Wales, who published his first novel with AuthorHouse, makes a distinction
between using a POD publisher and self-publishing. “The basic difference,” he
said, “is that when you use a company like AuthorHouse or iUniverse, they are
the publisher. That means they own the ISBN [International Standard Book
Number], and all payments for the book get channeled through them.” But because
the author has paid for the publication, and the company has no input into
content other than banning obscenity or pornography, according to Wales, “those
companies are vanity presses.”
“They’ll set you up,” he said, “but they don’t have any sort of criteria for
what’s going to be published and what isn’t.” Wales initially went with
AuthorHouse (which was called 1stBooks at the time) because he’d had difficulty
finding an agent or publisher for his first book, a rather epic fantasy novel.
It runs more than 600 pages–more than 300,000 words–in length.
…Many would-be authors decline to use the editing services offered by POD
publishers–either because it costs extra or because they think, wrongly, that
editing isn’t necessary.
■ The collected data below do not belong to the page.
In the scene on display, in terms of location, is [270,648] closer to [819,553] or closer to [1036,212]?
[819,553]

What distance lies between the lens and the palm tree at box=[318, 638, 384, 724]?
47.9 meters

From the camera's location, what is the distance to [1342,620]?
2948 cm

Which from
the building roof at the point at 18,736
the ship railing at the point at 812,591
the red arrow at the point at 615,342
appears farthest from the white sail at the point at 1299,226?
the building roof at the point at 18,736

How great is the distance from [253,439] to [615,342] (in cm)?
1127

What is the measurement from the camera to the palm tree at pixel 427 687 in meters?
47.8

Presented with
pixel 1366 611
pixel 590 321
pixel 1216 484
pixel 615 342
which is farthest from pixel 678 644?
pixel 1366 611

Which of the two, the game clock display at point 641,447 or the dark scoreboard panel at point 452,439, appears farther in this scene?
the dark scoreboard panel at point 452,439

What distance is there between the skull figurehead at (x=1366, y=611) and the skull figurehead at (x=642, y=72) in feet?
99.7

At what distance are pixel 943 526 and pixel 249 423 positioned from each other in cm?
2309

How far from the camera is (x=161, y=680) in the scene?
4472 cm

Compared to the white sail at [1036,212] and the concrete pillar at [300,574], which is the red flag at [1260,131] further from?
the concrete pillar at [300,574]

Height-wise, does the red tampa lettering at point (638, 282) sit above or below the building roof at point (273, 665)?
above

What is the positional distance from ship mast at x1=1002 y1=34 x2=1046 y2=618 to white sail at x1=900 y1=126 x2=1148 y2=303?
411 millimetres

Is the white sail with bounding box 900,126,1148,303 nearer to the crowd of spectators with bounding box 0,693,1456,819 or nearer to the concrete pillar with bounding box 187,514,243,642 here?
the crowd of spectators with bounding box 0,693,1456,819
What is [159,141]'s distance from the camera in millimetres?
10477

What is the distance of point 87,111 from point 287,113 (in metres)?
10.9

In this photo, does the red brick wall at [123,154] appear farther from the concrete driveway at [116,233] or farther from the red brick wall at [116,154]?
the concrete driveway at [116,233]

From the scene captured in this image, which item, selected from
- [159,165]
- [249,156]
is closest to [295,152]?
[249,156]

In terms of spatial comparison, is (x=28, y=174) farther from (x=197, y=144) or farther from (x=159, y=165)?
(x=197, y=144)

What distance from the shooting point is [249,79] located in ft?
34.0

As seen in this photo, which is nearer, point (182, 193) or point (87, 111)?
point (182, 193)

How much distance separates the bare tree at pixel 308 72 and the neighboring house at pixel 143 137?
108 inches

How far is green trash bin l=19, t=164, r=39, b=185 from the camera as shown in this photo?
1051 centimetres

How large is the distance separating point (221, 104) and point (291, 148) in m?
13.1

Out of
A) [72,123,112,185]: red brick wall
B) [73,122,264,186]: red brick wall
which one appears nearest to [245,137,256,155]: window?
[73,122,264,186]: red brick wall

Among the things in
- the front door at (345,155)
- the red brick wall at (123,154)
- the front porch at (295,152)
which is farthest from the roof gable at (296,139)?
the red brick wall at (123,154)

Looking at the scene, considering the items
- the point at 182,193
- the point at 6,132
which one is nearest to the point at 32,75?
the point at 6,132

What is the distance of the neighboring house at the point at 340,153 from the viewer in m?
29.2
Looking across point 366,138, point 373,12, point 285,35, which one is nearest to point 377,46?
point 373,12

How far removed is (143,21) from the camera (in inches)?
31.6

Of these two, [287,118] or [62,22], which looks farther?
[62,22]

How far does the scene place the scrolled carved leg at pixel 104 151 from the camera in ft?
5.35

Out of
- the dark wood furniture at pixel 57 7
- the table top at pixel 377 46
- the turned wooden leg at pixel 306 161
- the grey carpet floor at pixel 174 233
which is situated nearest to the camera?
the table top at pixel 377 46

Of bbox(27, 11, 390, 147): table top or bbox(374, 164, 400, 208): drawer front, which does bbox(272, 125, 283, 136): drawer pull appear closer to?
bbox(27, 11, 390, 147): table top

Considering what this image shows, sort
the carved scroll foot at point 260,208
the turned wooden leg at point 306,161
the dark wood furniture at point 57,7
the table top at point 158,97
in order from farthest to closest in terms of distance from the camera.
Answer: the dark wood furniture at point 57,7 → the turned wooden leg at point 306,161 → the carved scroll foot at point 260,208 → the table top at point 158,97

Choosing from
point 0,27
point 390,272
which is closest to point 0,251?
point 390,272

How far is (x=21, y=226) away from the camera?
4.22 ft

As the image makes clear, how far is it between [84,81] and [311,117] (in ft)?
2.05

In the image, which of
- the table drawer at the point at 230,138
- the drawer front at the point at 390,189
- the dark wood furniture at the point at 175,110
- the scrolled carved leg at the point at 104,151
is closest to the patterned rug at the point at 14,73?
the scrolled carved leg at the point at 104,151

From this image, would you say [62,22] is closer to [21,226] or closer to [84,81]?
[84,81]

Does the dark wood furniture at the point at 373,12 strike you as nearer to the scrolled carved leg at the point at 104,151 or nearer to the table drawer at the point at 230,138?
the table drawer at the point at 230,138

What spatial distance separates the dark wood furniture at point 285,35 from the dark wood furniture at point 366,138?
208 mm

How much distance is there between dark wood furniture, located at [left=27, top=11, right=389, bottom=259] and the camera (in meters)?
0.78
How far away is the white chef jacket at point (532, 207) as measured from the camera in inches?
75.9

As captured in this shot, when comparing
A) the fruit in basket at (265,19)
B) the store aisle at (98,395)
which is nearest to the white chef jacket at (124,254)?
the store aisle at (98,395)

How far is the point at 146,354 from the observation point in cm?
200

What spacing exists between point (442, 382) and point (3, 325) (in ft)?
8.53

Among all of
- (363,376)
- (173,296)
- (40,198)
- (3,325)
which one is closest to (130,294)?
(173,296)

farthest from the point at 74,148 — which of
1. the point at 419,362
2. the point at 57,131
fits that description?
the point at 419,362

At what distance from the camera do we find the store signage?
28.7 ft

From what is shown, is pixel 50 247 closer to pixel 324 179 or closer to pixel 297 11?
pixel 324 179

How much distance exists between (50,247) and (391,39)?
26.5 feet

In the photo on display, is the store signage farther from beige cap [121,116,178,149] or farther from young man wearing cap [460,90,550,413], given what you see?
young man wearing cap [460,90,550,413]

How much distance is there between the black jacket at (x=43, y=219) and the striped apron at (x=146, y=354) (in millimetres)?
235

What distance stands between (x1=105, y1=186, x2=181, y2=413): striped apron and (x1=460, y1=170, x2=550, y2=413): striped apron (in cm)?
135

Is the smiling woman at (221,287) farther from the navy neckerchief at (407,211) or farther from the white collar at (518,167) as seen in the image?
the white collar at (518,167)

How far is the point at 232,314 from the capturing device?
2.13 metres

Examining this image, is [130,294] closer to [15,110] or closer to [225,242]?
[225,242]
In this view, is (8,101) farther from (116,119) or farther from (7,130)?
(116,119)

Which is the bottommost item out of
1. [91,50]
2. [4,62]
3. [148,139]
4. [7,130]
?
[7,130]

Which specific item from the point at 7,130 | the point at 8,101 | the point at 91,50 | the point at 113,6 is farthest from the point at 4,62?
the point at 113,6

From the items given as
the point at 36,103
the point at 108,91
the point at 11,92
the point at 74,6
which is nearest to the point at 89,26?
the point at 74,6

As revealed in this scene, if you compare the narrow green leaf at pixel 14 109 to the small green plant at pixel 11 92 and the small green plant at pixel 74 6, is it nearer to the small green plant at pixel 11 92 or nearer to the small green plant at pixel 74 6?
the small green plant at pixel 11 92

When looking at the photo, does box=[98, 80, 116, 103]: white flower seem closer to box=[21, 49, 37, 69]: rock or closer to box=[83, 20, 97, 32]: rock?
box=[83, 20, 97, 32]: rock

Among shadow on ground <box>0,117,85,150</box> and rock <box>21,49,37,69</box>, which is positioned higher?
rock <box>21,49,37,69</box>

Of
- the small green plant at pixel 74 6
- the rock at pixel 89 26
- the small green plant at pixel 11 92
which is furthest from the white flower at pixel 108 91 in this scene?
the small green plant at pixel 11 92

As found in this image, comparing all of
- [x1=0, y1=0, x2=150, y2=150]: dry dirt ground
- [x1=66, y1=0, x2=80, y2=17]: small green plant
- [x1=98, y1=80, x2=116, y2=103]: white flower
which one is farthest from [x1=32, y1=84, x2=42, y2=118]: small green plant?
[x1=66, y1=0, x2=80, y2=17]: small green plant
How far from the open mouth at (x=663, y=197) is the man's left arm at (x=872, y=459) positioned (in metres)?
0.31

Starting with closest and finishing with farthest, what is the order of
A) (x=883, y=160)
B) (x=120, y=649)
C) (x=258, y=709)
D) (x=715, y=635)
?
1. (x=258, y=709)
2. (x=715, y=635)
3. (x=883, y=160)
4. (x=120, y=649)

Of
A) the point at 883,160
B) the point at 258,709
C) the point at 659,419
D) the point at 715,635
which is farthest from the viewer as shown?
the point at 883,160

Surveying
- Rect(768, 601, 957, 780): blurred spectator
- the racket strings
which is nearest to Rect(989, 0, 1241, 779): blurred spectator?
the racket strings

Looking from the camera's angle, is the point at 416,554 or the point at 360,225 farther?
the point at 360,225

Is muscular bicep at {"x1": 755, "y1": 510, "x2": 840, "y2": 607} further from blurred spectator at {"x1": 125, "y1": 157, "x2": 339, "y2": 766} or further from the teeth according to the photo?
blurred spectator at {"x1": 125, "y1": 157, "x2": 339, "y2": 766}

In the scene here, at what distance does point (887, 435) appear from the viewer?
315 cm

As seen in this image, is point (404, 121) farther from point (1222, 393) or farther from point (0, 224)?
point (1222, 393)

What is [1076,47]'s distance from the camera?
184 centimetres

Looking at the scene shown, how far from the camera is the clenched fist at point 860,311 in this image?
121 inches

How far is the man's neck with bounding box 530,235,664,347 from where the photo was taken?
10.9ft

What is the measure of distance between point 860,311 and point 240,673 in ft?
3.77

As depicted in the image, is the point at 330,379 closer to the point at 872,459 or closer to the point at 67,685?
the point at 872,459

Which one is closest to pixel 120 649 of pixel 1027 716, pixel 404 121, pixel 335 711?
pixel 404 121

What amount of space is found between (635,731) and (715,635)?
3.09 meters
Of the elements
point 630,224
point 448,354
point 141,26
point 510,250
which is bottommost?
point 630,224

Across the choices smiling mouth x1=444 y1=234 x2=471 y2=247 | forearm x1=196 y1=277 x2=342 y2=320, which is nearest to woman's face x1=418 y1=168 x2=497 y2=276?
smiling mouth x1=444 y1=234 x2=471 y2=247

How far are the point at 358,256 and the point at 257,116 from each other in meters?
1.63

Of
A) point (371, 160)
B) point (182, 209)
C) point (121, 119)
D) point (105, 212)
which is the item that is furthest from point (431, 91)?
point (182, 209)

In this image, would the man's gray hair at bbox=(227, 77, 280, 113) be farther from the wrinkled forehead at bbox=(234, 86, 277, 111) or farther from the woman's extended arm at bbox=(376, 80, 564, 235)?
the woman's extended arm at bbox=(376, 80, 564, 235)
Without the agents and editors of the traditional
publishing system to weed out the unprepared and unworthy, some really bad books
are out there.
I’m genuinely torn between a
healthy respect for access to publishing for all and aggravation that so many
people think anybody can write a good book. It’s like saying anyone can be a
brain surgeon; it would be nice if it were true, but it’s just not so.
I recommend the article for anyone who is thinking about self-publishing their book.